Cirque du Soleil: Volta

Theater, Circuses & magic
5 out of 5 stars
Cirque du Soleil: Volta
Photograph: Matt Beard

Time Out says

5 out of 5 stars

Theater review by Alex Huntsberger

In its newest show, the French Canadian megatroupe Cirque du Soleil once again delivers the spine-tingling spectacle that is its raison d’être. Strung together by a gossamer-thin plot, Volta incorporates street-style sports like BMX riding and double dutch jump rope alongside traditional circus arts; its themes include smartphone addiction, reality shows and the search for belonging. Set in a quasi-dystopian futuristic society, Volta opens with a reality show hosted by the Max Headroom–esque Mr. Wow. One of the show’s contestants gets laughed out the door for his anime-style blue hairdo. Soon enough, this young man joins up with a band of plucky street performers whose Day-Glo outfits, designed Zady Golco, signal their natural free-spiritedness. Amongst other feats of derring-do, they perform a stunning sequence using a marvelous machine called a Trampowall.

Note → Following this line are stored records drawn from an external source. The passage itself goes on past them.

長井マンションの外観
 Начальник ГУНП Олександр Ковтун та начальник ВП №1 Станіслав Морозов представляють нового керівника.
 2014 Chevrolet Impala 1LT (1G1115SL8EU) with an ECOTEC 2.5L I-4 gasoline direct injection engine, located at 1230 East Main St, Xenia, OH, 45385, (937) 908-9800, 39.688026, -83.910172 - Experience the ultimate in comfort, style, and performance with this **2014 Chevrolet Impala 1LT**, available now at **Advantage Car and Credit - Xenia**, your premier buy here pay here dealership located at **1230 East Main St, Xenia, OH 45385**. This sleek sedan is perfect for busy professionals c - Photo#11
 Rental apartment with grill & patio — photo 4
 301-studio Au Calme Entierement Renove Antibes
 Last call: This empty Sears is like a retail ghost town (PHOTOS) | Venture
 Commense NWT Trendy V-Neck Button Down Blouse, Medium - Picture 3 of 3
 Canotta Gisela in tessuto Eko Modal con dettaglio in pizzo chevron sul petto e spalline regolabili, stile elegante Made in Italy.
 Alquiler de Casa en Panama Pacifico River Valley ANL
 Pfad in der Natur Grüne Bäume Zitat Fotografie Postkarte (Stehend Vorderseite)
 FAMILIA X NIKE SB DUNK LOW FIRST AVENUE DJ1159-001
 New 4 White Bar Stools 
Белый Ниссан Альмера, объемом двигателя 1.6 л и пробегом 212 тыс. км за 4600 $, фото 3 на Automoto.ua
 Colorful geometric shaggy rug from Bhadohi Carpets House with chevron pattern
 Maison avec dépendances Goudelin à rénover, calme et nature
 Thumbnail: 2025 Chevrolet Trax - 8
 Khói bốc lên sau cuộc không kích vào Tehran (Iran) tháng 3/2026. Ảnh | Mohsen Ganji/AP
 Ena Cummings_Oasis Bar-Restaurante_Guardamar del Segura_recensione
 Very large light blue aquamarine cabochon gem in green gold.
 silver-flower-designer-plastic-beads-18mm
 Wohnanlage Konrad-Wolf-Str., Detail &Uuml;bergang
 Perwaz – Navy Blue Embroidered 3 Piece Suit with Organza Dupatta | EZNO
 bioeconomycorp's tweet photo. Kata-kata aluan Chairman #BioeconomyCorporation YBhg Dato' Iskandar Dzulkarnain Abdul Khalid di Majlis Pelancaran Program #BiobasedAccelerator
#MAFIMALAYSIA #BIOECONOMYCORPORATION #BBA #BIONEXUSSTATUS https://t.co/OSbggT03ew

Directed by Bastien Alexandre, the action that unfolds in Cirque’s signature tent—currently parked next to Soldier Field—feels fresh and spontaneous, as though it were discovering itself anew at every performance. While the quotidian offscreen life of Mr. Wow provides charming clown material, the rest of the Volta builds to an X Games–worthy BMX spectacular; yet in a show that has a finely honed sense of how to go bigger and better, one performer does an entire aerial routine suspended only by her hair, proving that sometimes the simplest choices can be the most effective. And M83’s Anthony Gonzalez’s lush, synthesizer-heavy score pairs ideally with the jaw-dropping acrobatics to create genuine emotional uplift. Audiences come to Cirque du Soleil to gape at the possibilities of the human body, but there’s something in Volta’s perfect balance of pomp and ingenuity that touches the soul as well.

Soldier Field South Parking Lot. Written and Directed by Bastien Alexandre. With ensemble cast. Running time: 2hrs 15 mins. One intermission.